Extracted records

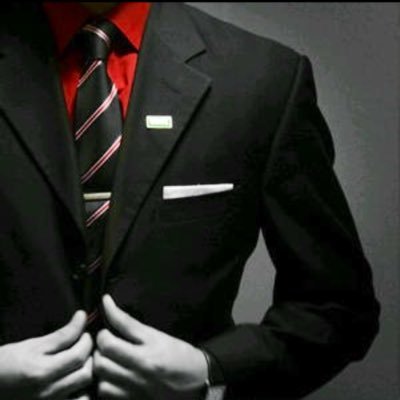 a man in a suit and tie with a red tie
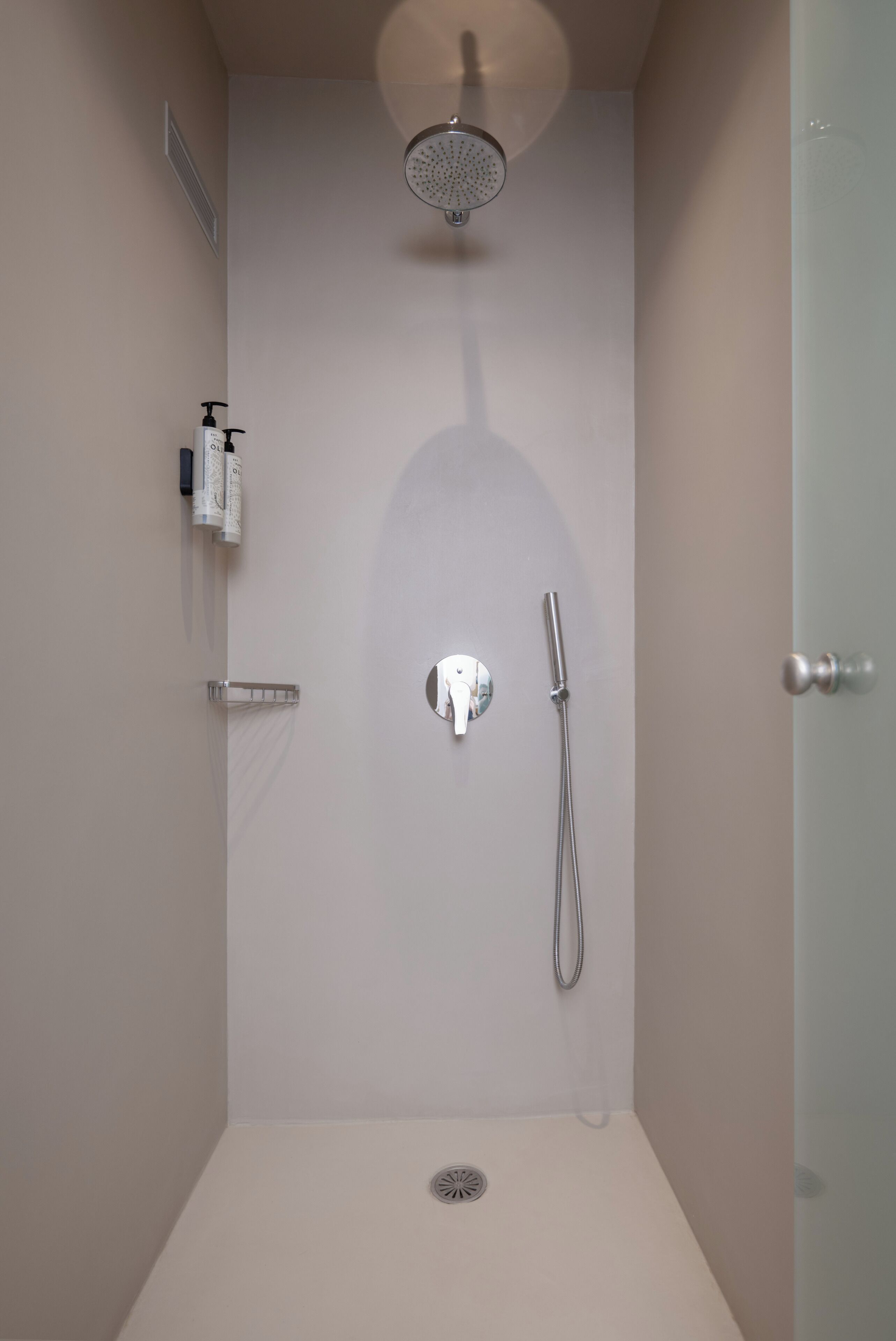 A shower with a handheld showerhead, a wall-mounted faucet, and a small shelf with toiletries.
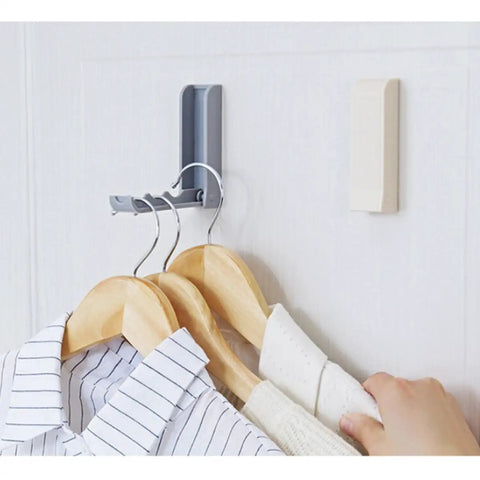 Slick Foldable Wall Hooks With Adhesive Backing For Space Saving No Drill Setup To Hang Jackets Purses Hats Or Dog Leashes In Foyer Closet Easy Install Design Works As A Lifesaver To Keep Home Clutter Free Always Two Pack on wall with hanging clothes.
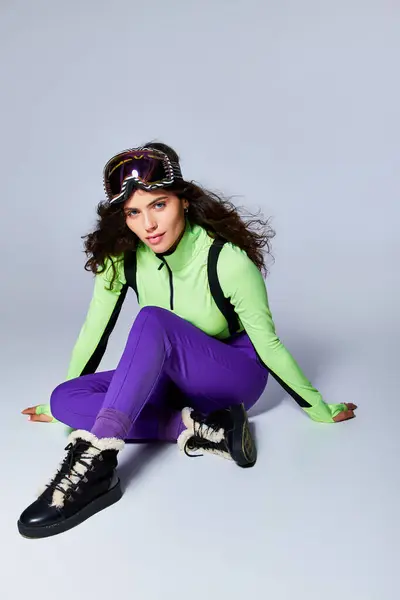 Зимний спорт, полная длина спортивной женщины с кудрявыми волосами, сидящей в активной одежде на сером фоне — стоковое фото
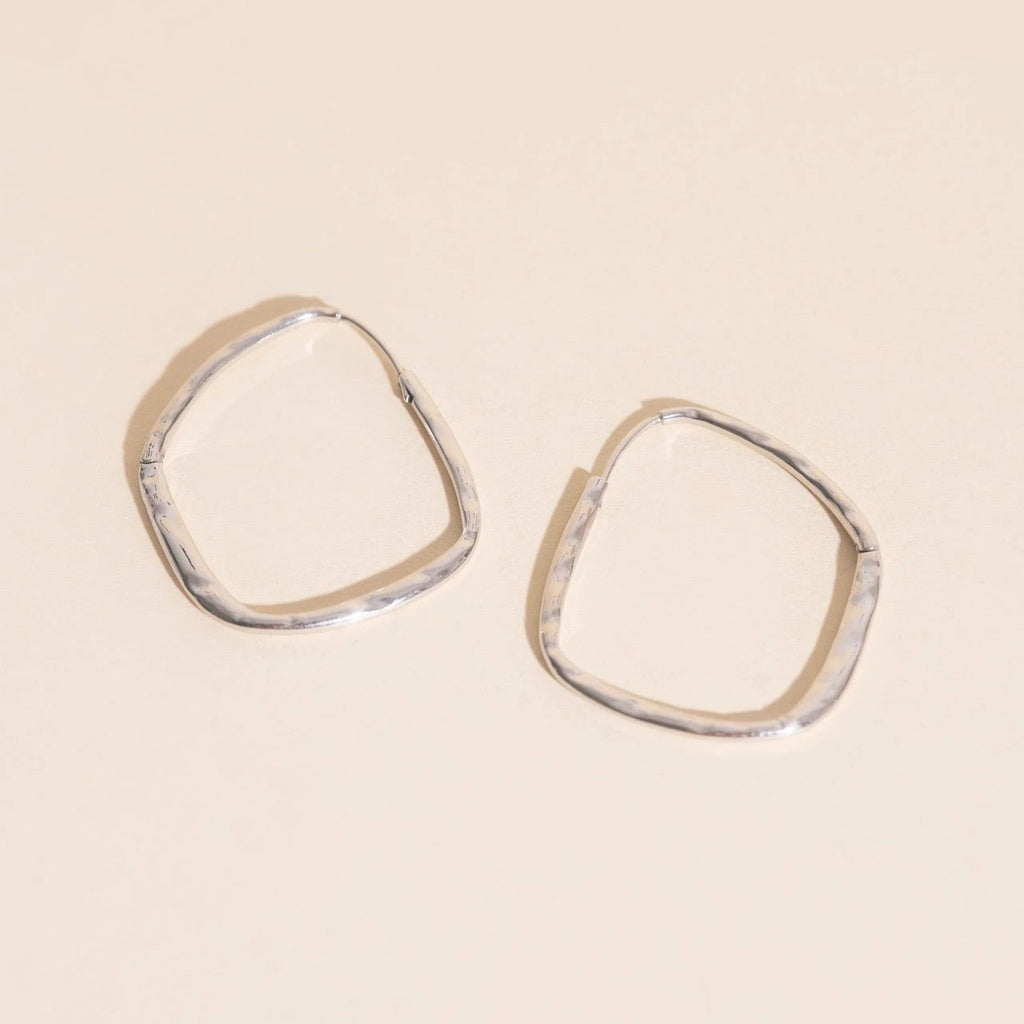 Titanium Hammered Oblong Huggie Hoop Earrings by Oh Clementine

Task details |
Output nothing except the lines from the one containing "Зимний спорт, полная" through the final line of the entries, repeated exactly and free of pictures.

Solved exercise |
 Зимний спорт, полная длина спортивной женщины с кудрявыми волосами, сидящей в активной одежде на сером фоне — стоковое фото
 Titanium Hammered Oblong Huggie Hoop Earrings by Oh Clementine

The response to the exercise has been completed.